=== Section Start ===

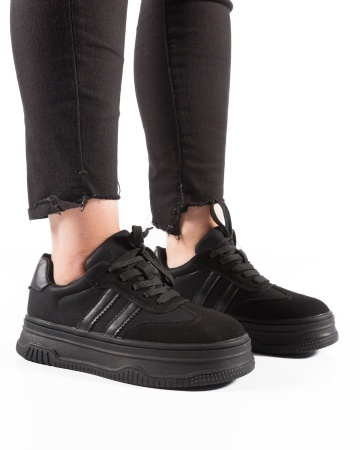 Sneakers dama cu platforma Negri din Piele Ecologica Tza - Img 2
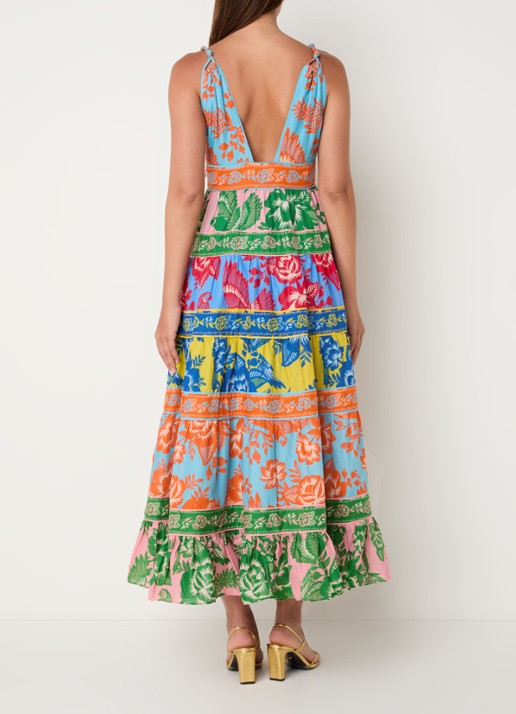 Farm Rio Midi jurk met print - achterkant 5 blauw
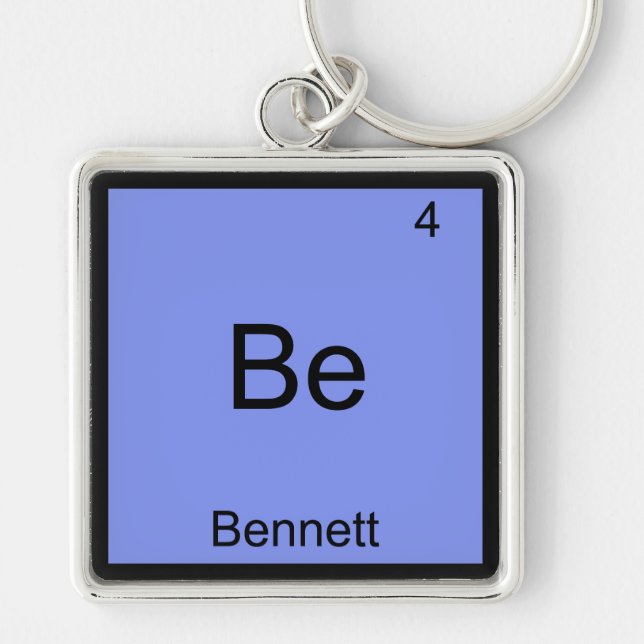 Chaveiro Be - Bennett Funny Chemisty Elelement Symbol Name  (Frente)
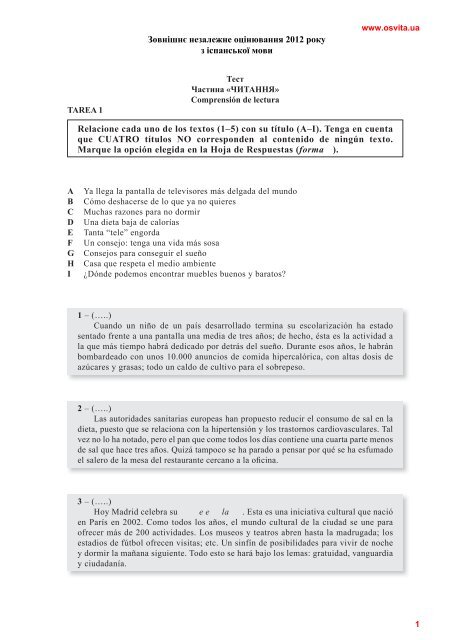 Relacione cada uno de los textos (1–5) con su título (A–I). Tenga en ...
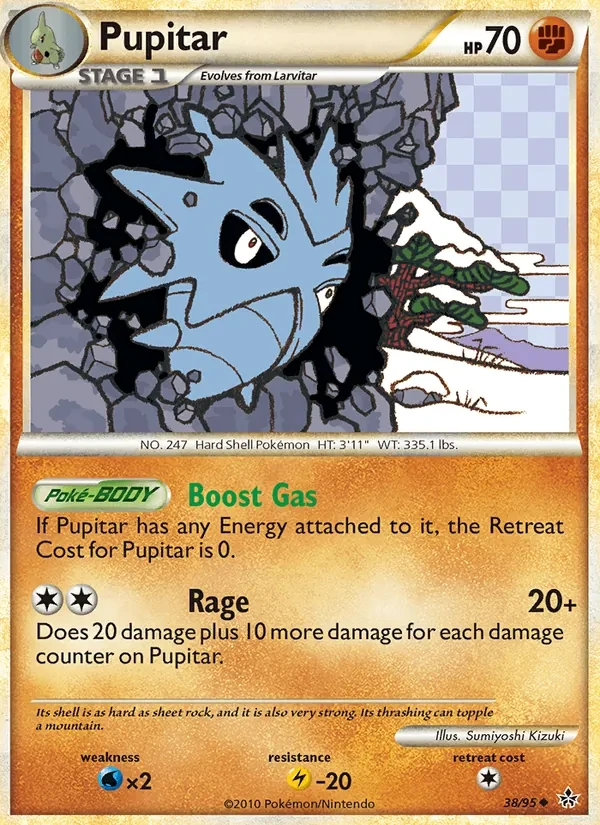 Pupitar 38/95 Unleashed Pokémon kaart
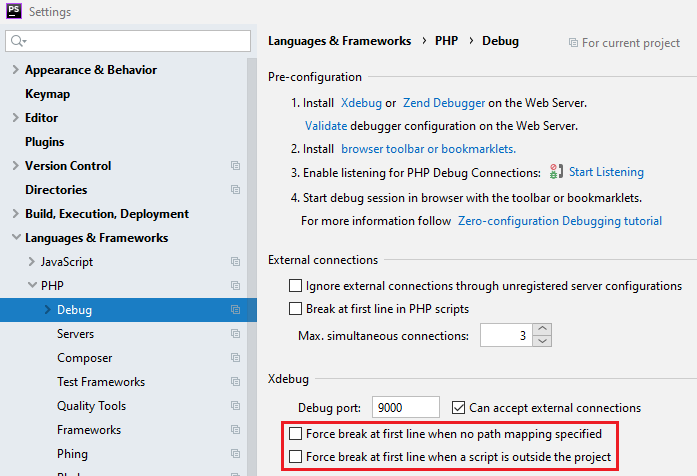 Параметры Xdebug в PhpStorm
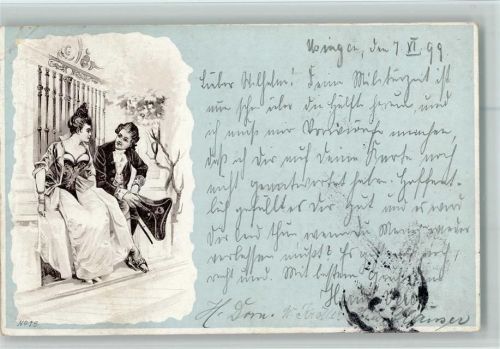 1899 Liebespaar auf einer Bank - 1899 AK Stempelfleck, Eckknick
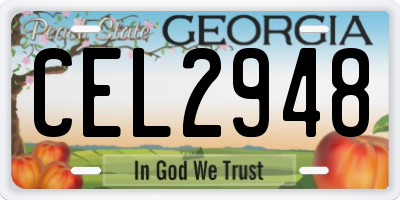 GA license plate CEL2948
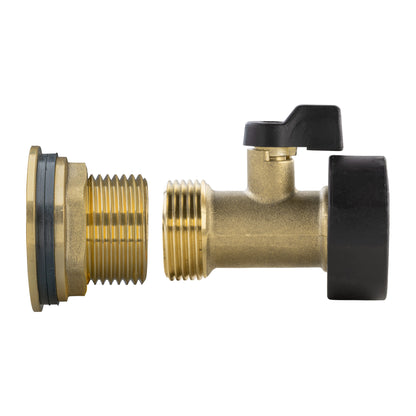 Water Butt Brass Kit 1in with Brass Valve Hose Connector Set Brass Water Fitting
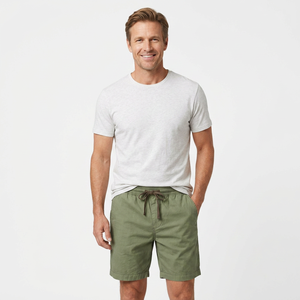 Men's <b>Green</b> Cotton Bermuda Shorts Drawstring Waist Casual Solid Color Woven Breathable Short <b>Pants</b> - Product Image 4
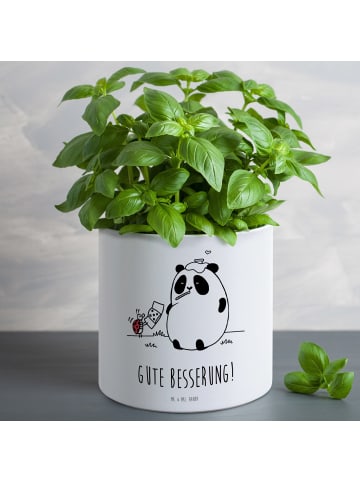 Mr. & Mrs. Panda XL Blumentopf Panda Gute Besserung mit Spruch in Weiß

=== Section End ===

• Work request
Please print the span that begins at the line holding "Параметры Xdebug в PhpStorm" and ends at the last line of the data, both ends included, with no pictures.

• Written solution
 Параметры Xdebug в PhpStorm
 1899 Liebespaar auf einer Bank - 1899 AK Stempelfleck, Eckknick
 GA license plate CEL2948
 Water Butt Brass Kit 1in with Brass Valve Hose Connector Set Brass Water Fitting
 Men's <b>Green</b> Cotton Bermuda Shorts Drawstring Waist Casual Solid Color Woven Breathable Short <b>Pants</b> - Product Image 4
 Mr. & Mrs. Panda XL Blumentopf Panda Gute Besserung mit Spruch in Weiß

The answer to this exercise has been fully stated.